# [Back to Stock] VZW Galaxy Tab (SCH-I800.EI04)



## the_kwa

ok, so if you search, it looks like there's a tone of ways to do this... well, there's not. They all seem old and out dated. So I'm going to tell you how I got my SCH-i800 (VZW Galaxy Tab) back to Stock - "EI04".

1. you'll need Hiemdall. (that's every where, google it..)

2. Flash VZW Stock-Root Vanilla 2.3.5 http://rootzwiki.com/topic/10366-romcdmavzw235stockroot-vanilla/

3. install Super One Click Root 2.3.3 http://depositfiles.com/files/n0dcxce3t

4. Make sure your tablet is in USB debugging mode

5. open super one click root and click UnRoot.

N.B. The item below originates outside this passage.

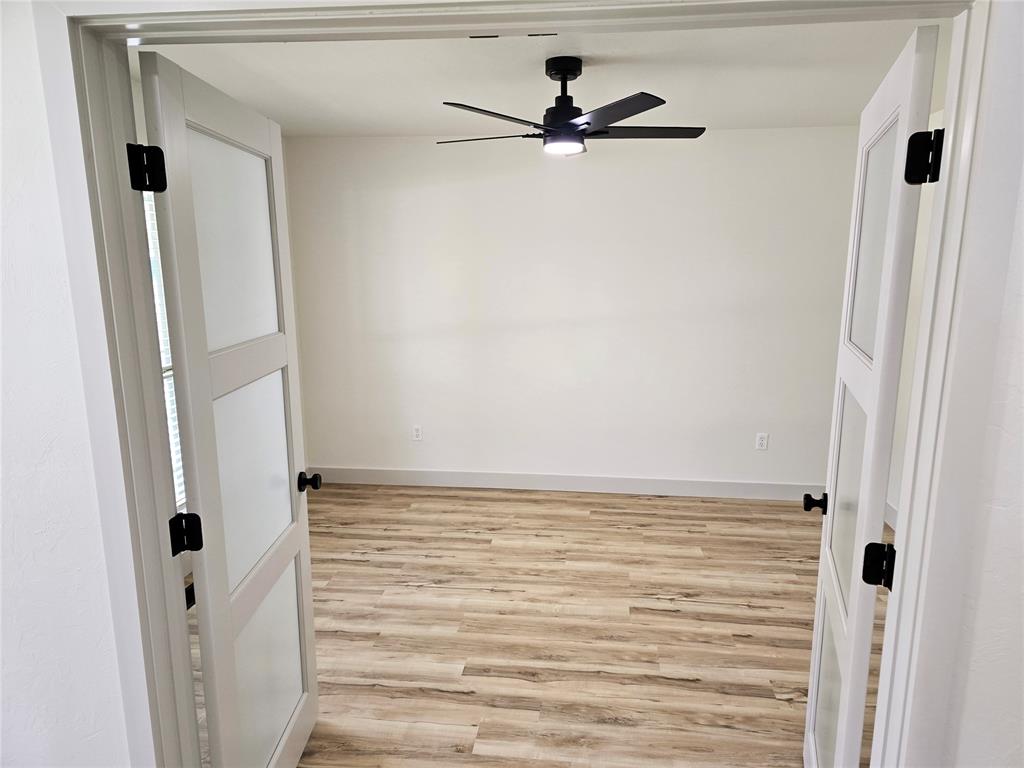 11905 Camelot Place Property Photo 3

6. for me, with looked like it worked, but was repeating the same failed line of code over and over and over and over. I closed Super one click, robooted and checked root with Root Checker off the market.

ROOT FAILED!!!

I'll help as need be, but i just wonted to get this together before i forget...


----------



## nothingcool

Just curious, what ROM did you downgrade from? Will this work if you've flashed to a ROM that requires a different file system or partition map? About to start this process myself and want to make sure I can restore if it doesn't go well.

Thanks.


----------



## pvtjoker42

the_kwa said:


> ok, so if you search, it looks like there's a tone of ways to do this... well, there's not. They all seem old and out dated. So I'm going to tell you how I got my SCH-i800 (VZW Galaxy Tab) back to Stock - "EI04".
> 
> 1. you'll need Hiemdall. (that's every where, google it..)
> 
> 2. Flash VZW Stock-Root Vanilla 2.3.5 http://rootzwiki.com...ckroot-vanilla/
> 
> 3. install Super One Click Root 2.3.3 http://depositfiles....files/n0dcxce3t
> 
> 4. Make sure your tablet is in USB debugging mode
> 
> 5. open super one click root and click UnRoot.
> 
> 6. for me, with looked like it worked, but was repeating the same failed line of code over and over and over and over. I closed Super one click, robooted and checked root with Root Checker off the market.
> 
> ROOT FAILED!!!
> 
> I'll help as need be, but i just wonted to get this together before i forget...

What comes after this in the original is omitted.